Una especie de astronauta gigante
se acercó entonces a la calavera por la espalda, pero esta dio un salto y se
levantó para correr hacia la salida ondulada del bar; sin embargo, apenas pudo
ponerse de pie. Un rayo de luz multicolor la atravesó por las costillas y la
hizo caer de rodillas, antes de atravesarle de nuevo por el cráneo y hacerlo
explotar entre espirales.
Anonadado, sin poder darle un
sentido lógico a todo el desmadre que pasaba a mi alrededor, sentí cómo volvían
a agarrarme, esta vez por debajo de las axilas, y una voz que se escuchaba como
vieja y joven a la vez me empezó a escupir palabras al oído, aunque yo no pude
entender ninguna de ellas.
Me dirigieron a la salida triangular
del bar, y una vez ahí, me voltearon para que saliera caminando de espaldas, lo
cual permitió que mis ojos se inundaran con un collage de imágenes grotescas y
alegres, todas coloridas y torcidas ante mí.
Chino estaba de color azul, al
igual que la pintura que le había visto escurrir antes, y varias manos salían
de su pecho, como queriendo arrastrase hacia mí.

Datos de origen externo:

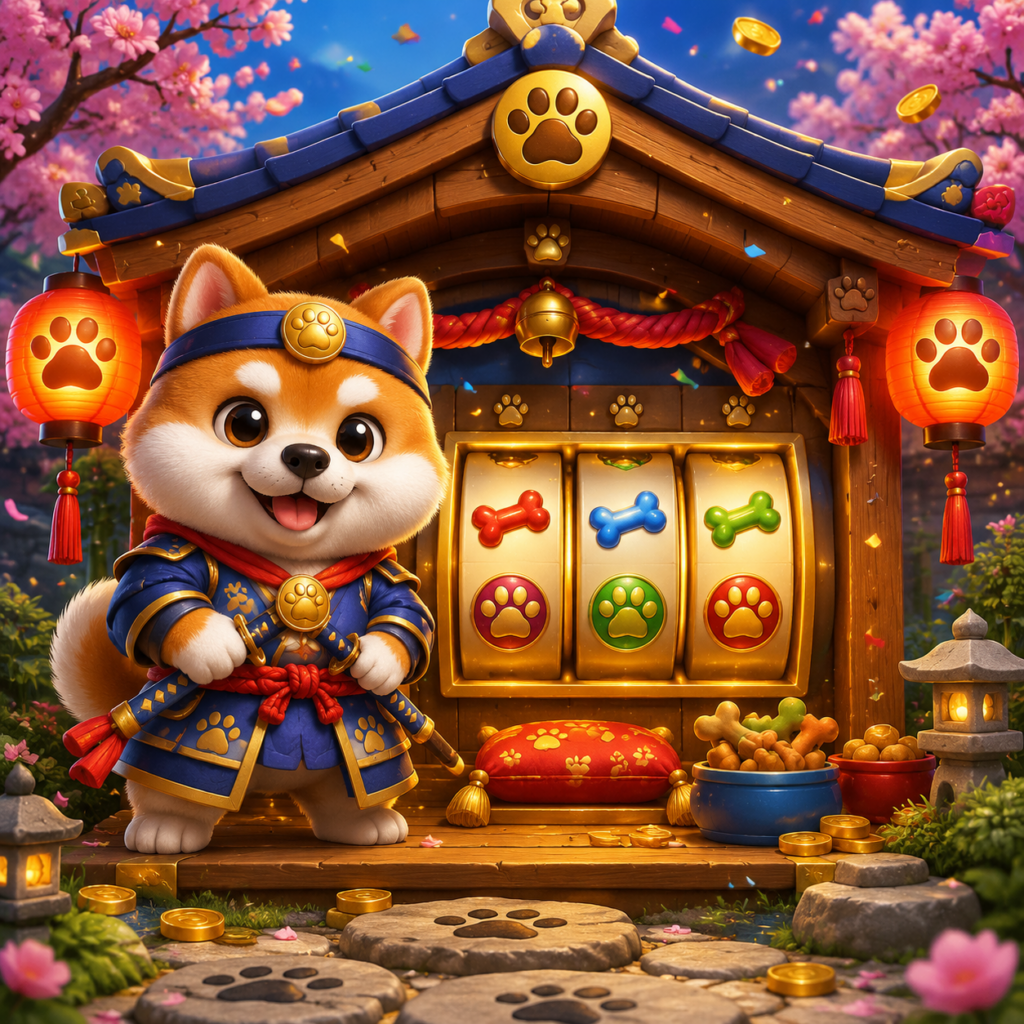 Tips Toto Macau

Aquel arbusto de rosas
amarillas que había sentido antes tenía la cara de Ángel marcada en sus hojas,
y de la boca de este salían pétalos que luego avanzaban al suelo y se
convertían en mariposas muertas. La chamarra de Nico cubría el cuerpo de la
calavera que había visto morir, y las letras blancas de su espalada que antes
expresaban su gusto por el rock, bailoteaban y se desintegraban, uniéndose con
las espirales negras que había cerca del riñón.
Lo último que recuerdo después de
haber visto aquello, además de algunas imágenes de cuerpos acostados, coloridos
y deformes o palpitantes, es que un policía me cargó hasta un corral elevado y
me encerró ahí, junto a otros monstruos con su mismo uniforme. Varios de ellos
me sujetaron, y el sonido de las sirenas retumbando en mi cráneo me avisó del
movimiento al que era sometido ahora, avanzando en línea recta.
Cuando vi el semáforo sobre mi
cabeza, con sus luces verdes y rojas peleándose con las azules y rojas que
emanaba el transporte donde iba, fue que supe que esto sería un muy mal viaje.